L'allarme diossina e Peacelink

È stata l'associazione eco-pacifista Peacelink a denunciare per prima l'emergenza diossina collegata all'Ilva di Taranto e la conseguente contaminazione dei prodotti provenienti dal mare, tra cui le cozze. Peacelink ha fatto stimare la dose settimanale di tolleranza di diossina, detta Dst, e di Pcb, che è risultata essere di circa 2 picogrammi per chilo di peso corporeo, misura da cui si può calcolare la quantità massima di cozze giornaliere assimilabili al giorno.

Quanta ne tolleriamo?

Secondo i calcoli, un bambino di dieci anni, che pesa in media circa 31/32 chilogrammi, potrebbe mangiare cozze solo se esse presentassero una concentrazione di diossina e policlorobifenili pari a 6,5 picogrammi per grammo di prodotto.

Invece già le cozze del Mar Grande di Taranto, meno esposto al rischio diossina rispetto all'altra zona di mare, il Mar Piccolo, mostrano una concentrazione pari a 4,9 picogrammi per grammo, che le rende quindi commercializzabili.
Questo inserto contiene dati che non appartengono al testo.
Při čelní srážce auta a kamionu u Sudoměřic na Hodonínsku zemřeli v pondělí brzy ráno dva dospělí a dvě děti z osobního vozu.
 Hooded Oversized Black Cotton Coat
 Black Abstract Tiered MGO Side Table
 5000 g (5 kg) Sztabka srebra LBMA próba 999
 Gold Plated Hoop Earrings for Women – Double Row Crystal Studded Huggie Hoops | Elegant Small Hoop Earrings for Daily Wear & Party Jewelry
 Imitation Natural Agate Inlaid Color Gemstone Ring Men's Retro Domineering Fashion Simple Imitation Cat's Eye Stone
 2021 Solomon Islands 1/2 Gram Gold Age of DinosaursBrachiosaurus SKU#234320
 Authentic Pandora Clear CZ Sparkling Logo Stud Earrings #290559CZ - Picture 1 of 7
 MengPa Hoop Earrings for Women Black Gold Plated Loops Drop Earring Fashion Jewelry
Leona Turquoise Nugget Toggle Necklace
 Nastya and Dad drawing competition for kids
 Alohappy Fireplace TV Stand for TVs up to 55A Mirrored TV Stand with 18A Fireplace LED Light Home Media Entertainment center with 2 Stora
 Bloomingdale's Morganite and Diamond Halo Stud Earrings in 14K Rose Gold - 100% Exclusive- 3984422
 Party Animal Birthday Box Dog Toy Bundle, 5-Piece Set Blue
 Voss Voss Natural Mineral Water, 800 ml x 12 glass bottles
L'Efsa, al contrario, tre giorni fa ha indicato la dose settimanale tollerabile di diossine e Pcb negli alimenti come 2 picogrammi per chilo, valore annunciato da Peacelink di sette volte inferiore a quello riscontrato nella realtà. Dunque una rapido calcolo, 2 pg x 31,5 kg, mostra che un bambino di 10 anni potrebbe tollerare una dose settimanale di 63 pg, che divisa per la quantità trovata nelle cozze del Mar Grande, significa solo 12,8 grammi.

Un sistema ben congegnato

L'organizzazione criminale, oltre a rubare le cozze, provvedeva a sgranare i “pergolati di mitili” per rimuovere la colorazione delle retine associabile ad uno specifico miticoltore, annullandone in questo modo la tracciabilità. Il prodotto veniva poi confezionato e venduto ad “acquirenti di fiducia” che prenotavano telefonicamente le quantità necessarie. Nei centri di smistamento e spedizione, poi, le cozze venivano etichettate come proprie, sanandone la provenienza.